Established over 36 years ago, Carnival is the world's largest and most successful cruise line. It was launched by entrepreneur Ted Arison, whose ambition was to make cruising accessible to all people rather than just the very rich.
From humble beginnings it has grown into the world's leading cruise provider and is a name synonymous with fun and innovation.
Today Carnival's fleet comprises 22 ships and its core cruising areas include the Caribbean, Mexican Riviera, Hawaii, Bermuda and South America.
Blast from the past
Carnival Cruise Lines was established in 1972 by Ted Arison, a pioneer of modern-day cruising and someone who was keen to make cruising accessible to the average holidaymaker and not just the affluent.
The cruise line launched with a converted transatlantic liner - the TSS Mardi Gars - which got off to a rather unfortunate start by running aground on a sandbar during her maiden voyage.
Despite getting off to a shaky start, three years later the cruise line purchased the Empress of Britain, which entered service as the TSS Carnivale and marked the first phase of expansion.
In 1978, the Festivale entered service, becoming the largest and fastest vessel to sail from Miami to the Caribbean.
The cruise line continued to grow in popularity, with Carnival successfully pioneering the idea of shorter and more affordable cruises than the ones offered by traditional lines. Seven years later it made history with the launch of the Tropicale, which was the first brand new cruise ship the industry had seen for many years. The Tropicale marked the beginning of a multi-billion-dollar shipbuilding boom and riding high, Carnival continued to expand through the eighties at a rapid rate.
In 1984, the ever-innovative cruise line became the first to advertise on television; reaching wider audiences than ever before, with a sleek campaign starring company spokesperson Kathie Lee Gifford.
The late 80s saw the launch of the Holiday, the Jubilee and the 47,262-tonne Celebration, with Carnival ending the decade as the world's most popular cruise line, carrying more passengers than any of its rivals.
As the 80s gave way to the 90s, Carnival became part of the multi-line conglomerate Carnival Corporation, which today is the world's largest cruise operator.

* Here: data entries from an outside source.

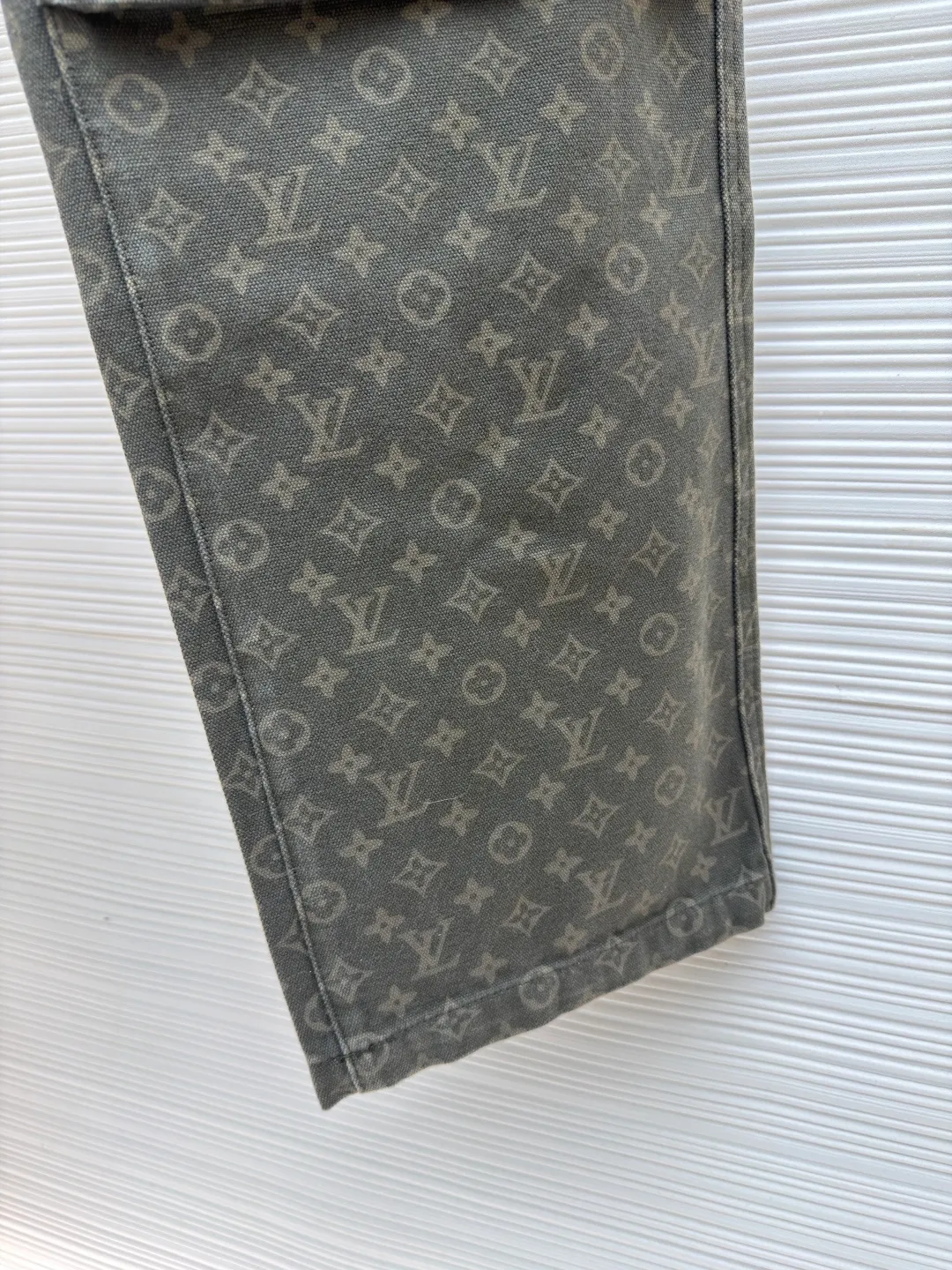 LOUIS VUITTON full-print jacquard pocket trousers and jeans ●Original version: Purchased and developed for 15900 ●Item number: 1682470-B45 ●Material: denim fabric ●Technology: jacquard production ●Color: vintage green ●Version: fitted version ●Weight: about 925 grams ●Size: 28-30-32-34-36 ●Description: These Louis Vuitton all-over printed presbyopia overalls are made of heavy twill denim. The fabric has been stone washed and distressed to create a soft and skeletal texture, while giving the pants a retro distressed tone. The body of the trousers adopts the all-over printing process of the brand's classic presbyopic pattern. The printing is processed by digital direct printing and high-temperature color fixation. The color reproduction is high and is not easy to fade and crack. The workwear-style large pockets are made with three-dimensional tailoring technology. The bag mouth is reinforced with double-needle stitching, which combines practicality and design. The waistband adopts a classic button-zipper opening and closing design, with adjustable trousers details. The trousers are straight-cut and have raw edges. The overall fabric processing and structural sewing follow the brand's high-end clothing technology. Every seam is precisely positioned to make the trousers crisp and durable, perfectly integrating classic presbyopic elements and workwear style. The overall wiring is straight and delicate, the fabric is comfortable and soft, and the color is consistent without color difference. It can be matched with the same style to create a fashionable look and control various occasions. Customized accessories, complete with three standards, same style for men and women!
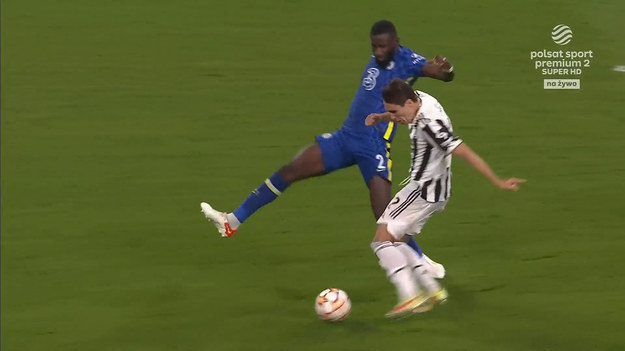 Najbardziej emocjonująco w środowy wieczór zapowiada się starcie w grupie H - Juventus Turyn gra z triumfatorami poprzedniej edycji, czyli Chelsea Londyn. Czy Wojciech Szczęsny powstrzyma "The Blues"? Polak ma wybiec w podstawowym składzie "Starej Damy".

W 20. minucie świetną okazję miał Federico Chiesa, który po stracie ze strony "The Blues" pędził z piłką na bramkę Chelsea. Ostatecznie jednak uderzył minimalnie obok słupka. Po pół godzinie gry z dystansu próbował soczyście uderzyć Adrien Rabiot, ale piłka poszybowała nad bramką. 

Chiesa próbował się przebić jak nie prawym, to lewym skrzydłem. Po jego zagraniu do Juana Cuadrado Juventus miał dobrą okazję z rzutu wolnego, bo Kolumbijczyk był faulowany przed polem karnym. Ale Federico Bernardeschi uderzył prosto w mur. 

Tuż po przerwie Chiesa dostał w końcu nagrodę za swoje starania i tym razem nie chybił - dał "Juve" prowadzenie 1-0. 
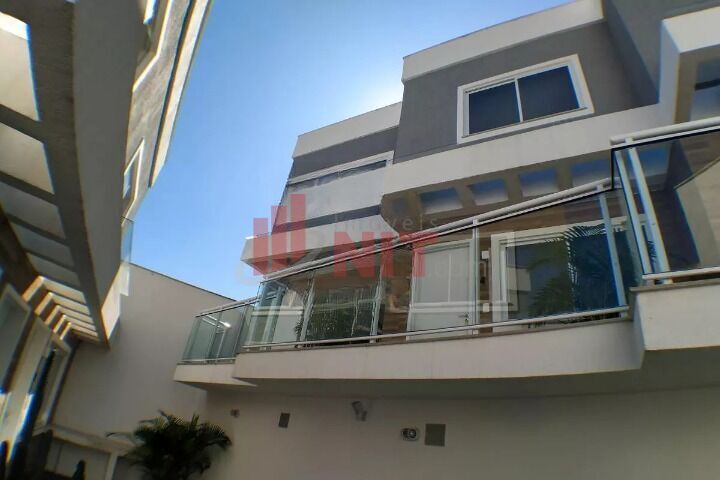 Casa à venda com 2 quartos, 72m² - Foto 5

Carnival gained a reputation as a fun, exciting and family friendly cruise line and in 1990 launched its first 'Fantasy-class' ship. The 70,367-tonne Carnival Fantasy entered service with a series of three and four-day Bahamas cruises, becoming the first of eight 'Fantasy-class' vessels.
The 90s saw the launch of several more impressive vessels, including the Carnival Ecstasy, Carnival Sensation and Carnival Imagination, with the eighth 'Fantasy-class' ship, the Carnival Paradise, entering service in 1998.

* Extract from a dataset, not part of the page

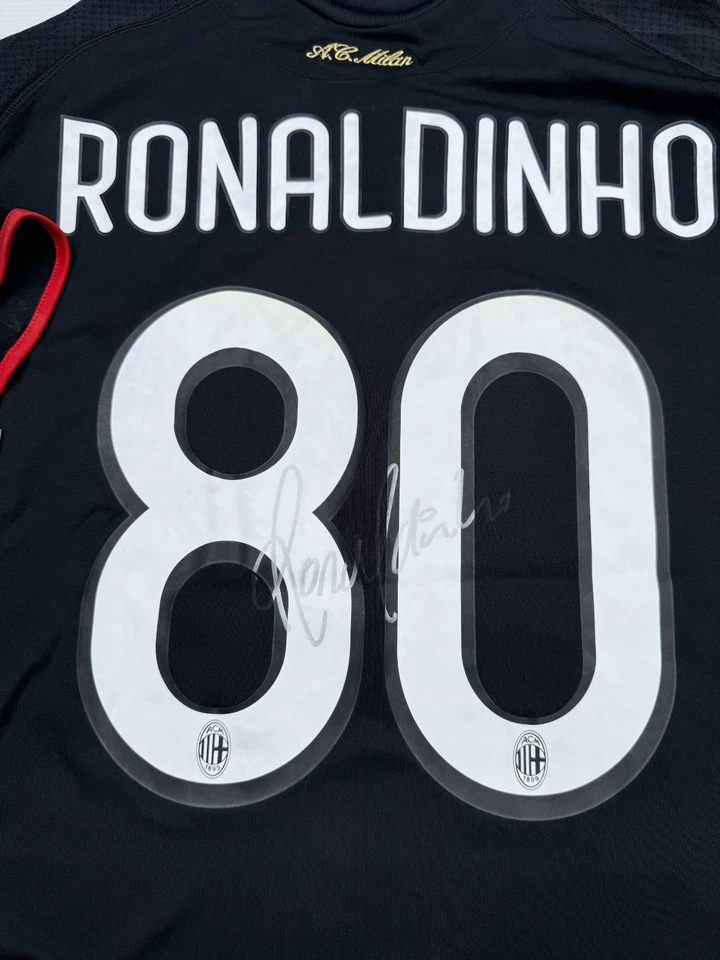 Maillot Adidas AC MILAN N°80 dédicacé par RONALDINHO - Neuf - 2008 - Photo 4/4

Following the success of the 'Fantasy-class' series, Carnival introduced its 'Destiny-class', with vessels including the Carnival Destiny, which was the first cruise ship in the world to exceed 100,000 tonnes.
Over the last ten years the cruise line has continued to evolve, with the addition of larger and more innovative vessels to its fleet, such as Carnival Miracle, Carnival Freedom and Carnival Splendor, which made its debut earlier this year and marked the launch of Carnival's first Northern Europe cruise programme.
Cruising into the future
With the 130,000-tonne Carnival Dream scheduled to launch in October and the Carnival Magic superliner set to make its debut in 2011, Carnival Cruise Lines is showing no signs of slowing down.
Today it transports around 3.7 million passengers annually, including 600,000 children and, judging by the results of Porthole Cruise Magazine's Annual Reader's Choice Awards 2008, Carnival is still managing to delight its passengers.
The cruise line swept the boards at the awards, winning in nine different categories, including best value-for-money cruise line, best main dining room cuisine, best shore excursions and best megaship for the Carnival Freedom.
With its fun ships and fun attitude towards cruising, Carnival is attracting a new generation of people to holidays at sea and will no doubt continue to expand as demand for cruises inevitably increases.